# Records from a dataset
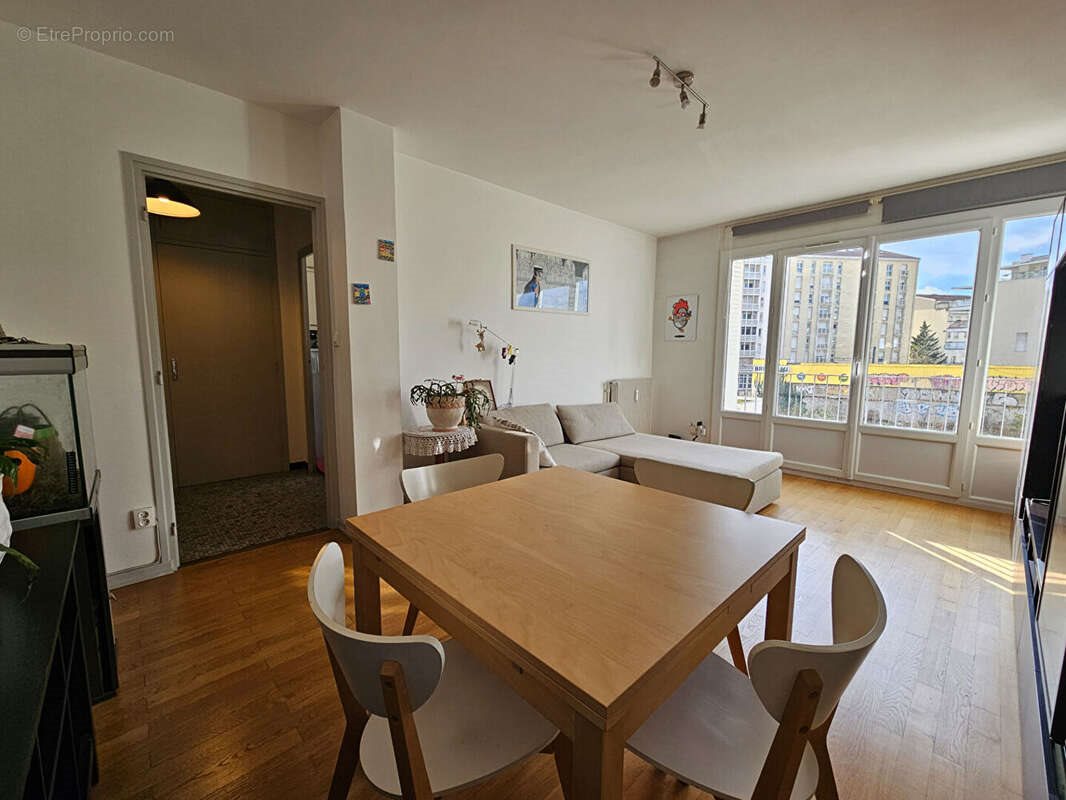 Maison à vendre, 65m², Villeurbanne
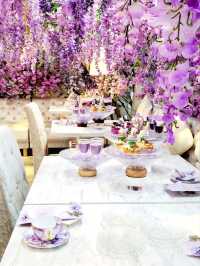 日本東京超人氣打卡café 🌸👸📷HAUTE COUTURE CAFE OMOTESANDO オートクチュールカフェ表参道店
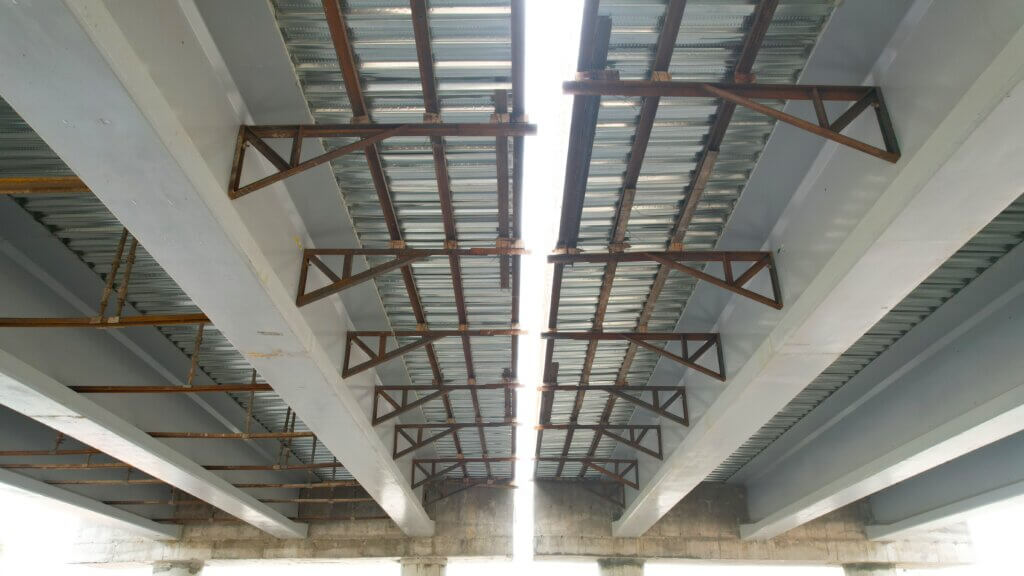 Completion bridge using BT1500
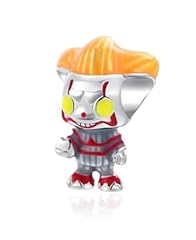 Horror halloween pennywise for sale  Delivered anywhere in UK
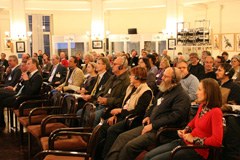 Convegno annuale CIPRA 2010: "Le Alpi in mutamento"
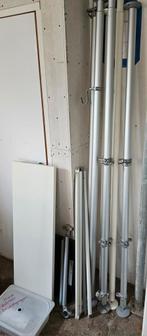 Stolmen Ikea kasten systeem vanalles, Huis en Inrichting, Kasten | Overige, Ophalen, Zo goed als nieuw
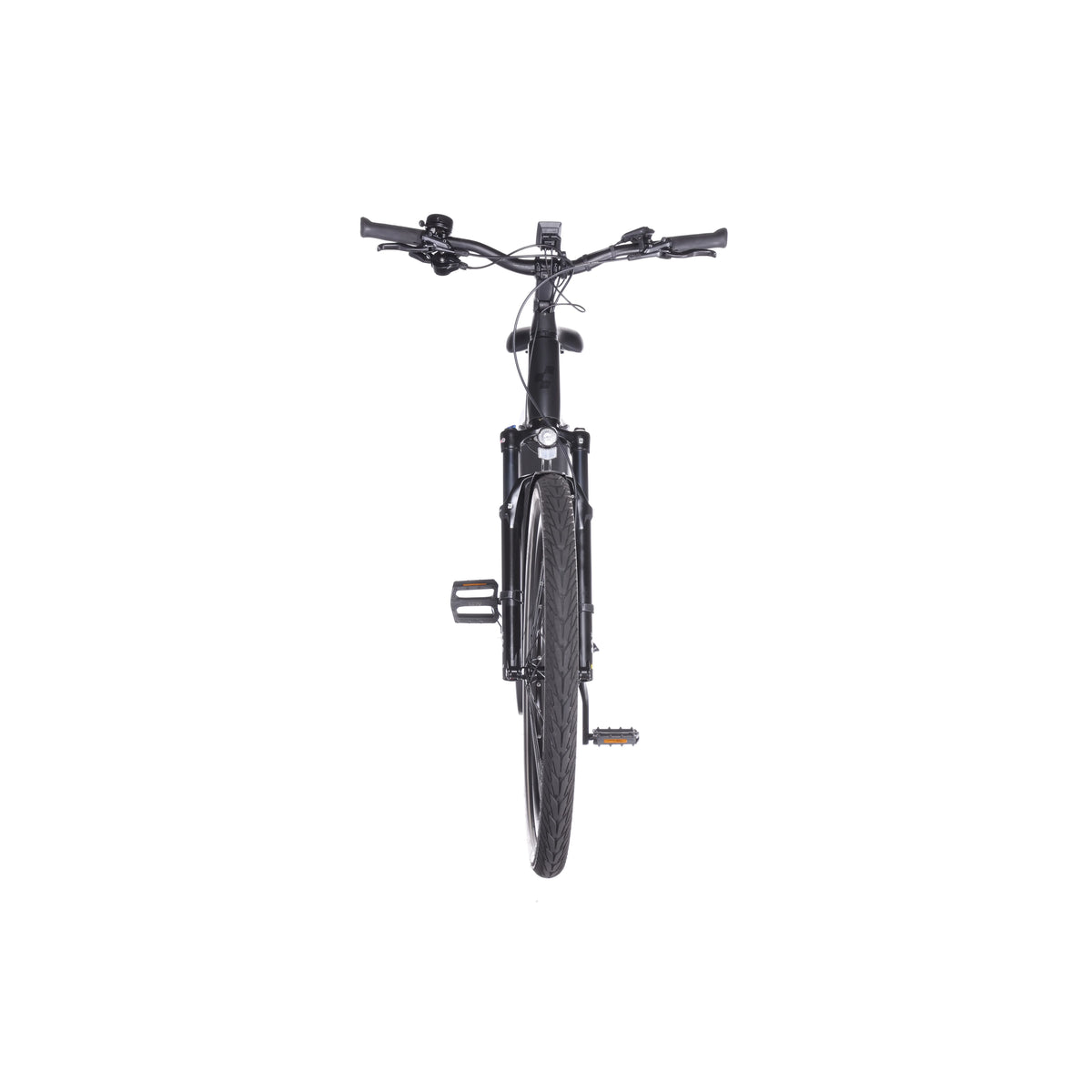 Kathmandu Hybrid EXC 750 - 360° view angle 6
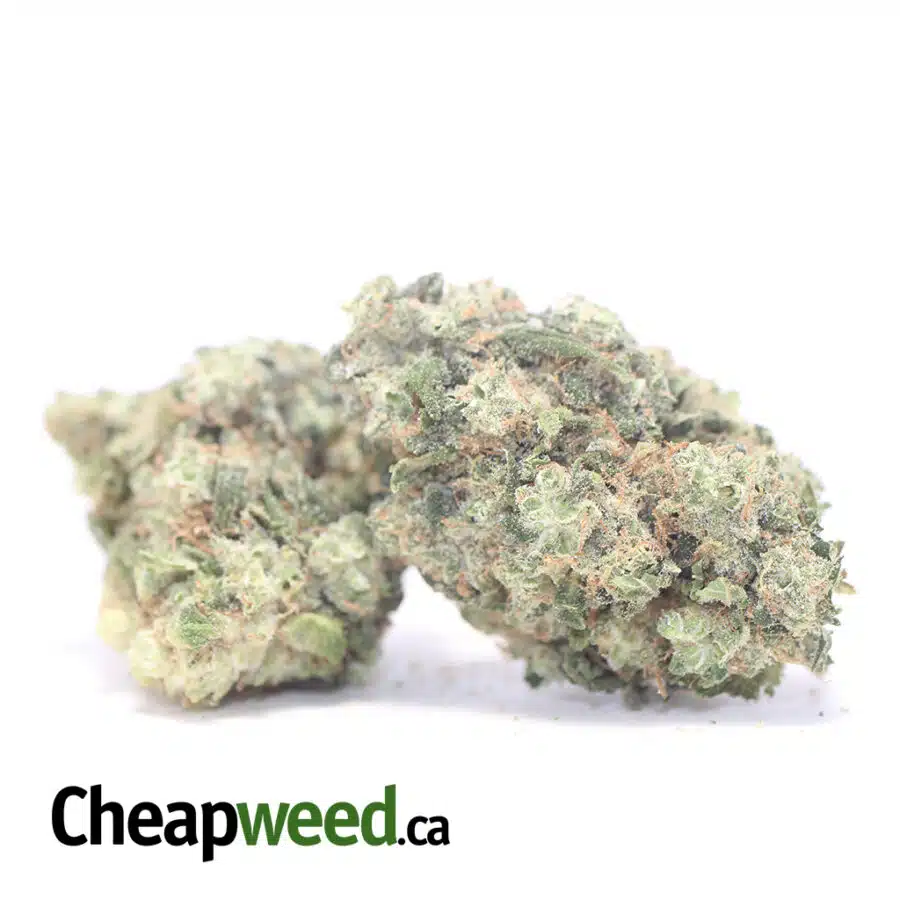 Alternative view of Super Kush Bulk Special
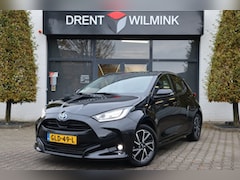 Toyota Yaris - 1.5 Hybrid Dynamic Limited Keyless/Stoelverw/Apple/AndroidAuto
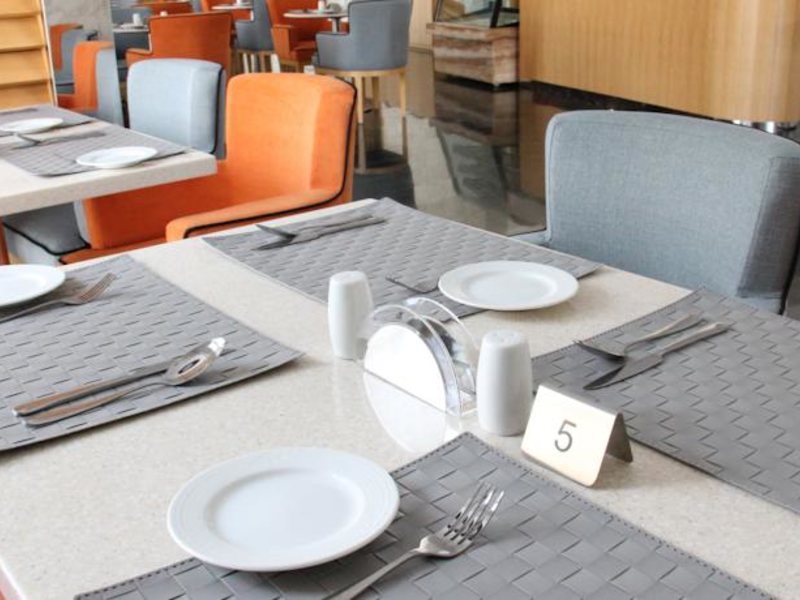 Grand Midwest Reve Hotel Apartment - Tecom Al Barsha 117469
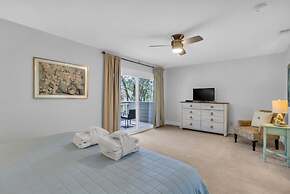 2350 Racquet Club at The Sea Pines Resort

# WHAT IS EXPECTED
After locating the line containing "Completion bridge using BT1500" in the entries above, repeat only it and each later line through the end, exactly, without any pictures.

# SOLUTION TO THIS PROBLEM
 Completion bridge using BT1500
 Horror halloween pennywise for sale  Delivered anywhere in UK
 Convegno annuale CIPRA 2010: "Le Alpi in mutamento"
 Stolmen Ikea kasten systeem vanalles, Huis en Inrichting, Kasten | Overige, Ophalen, Zo goed als nieuw
 Kathmandu Hybrid EXC 750 - 360° view angle 6
 Alternative view of Super Kush Bulk Special
 Toyota Yaris - 1.5 Hybrid Dynamic Limited Keyless/Stoelverw/Apple/AndroidAuto
 Grand Midwest Reve Hotel Apartment - Tecom Al Barsha 117469
 2350 Racquet Club at The Sea Pines Resort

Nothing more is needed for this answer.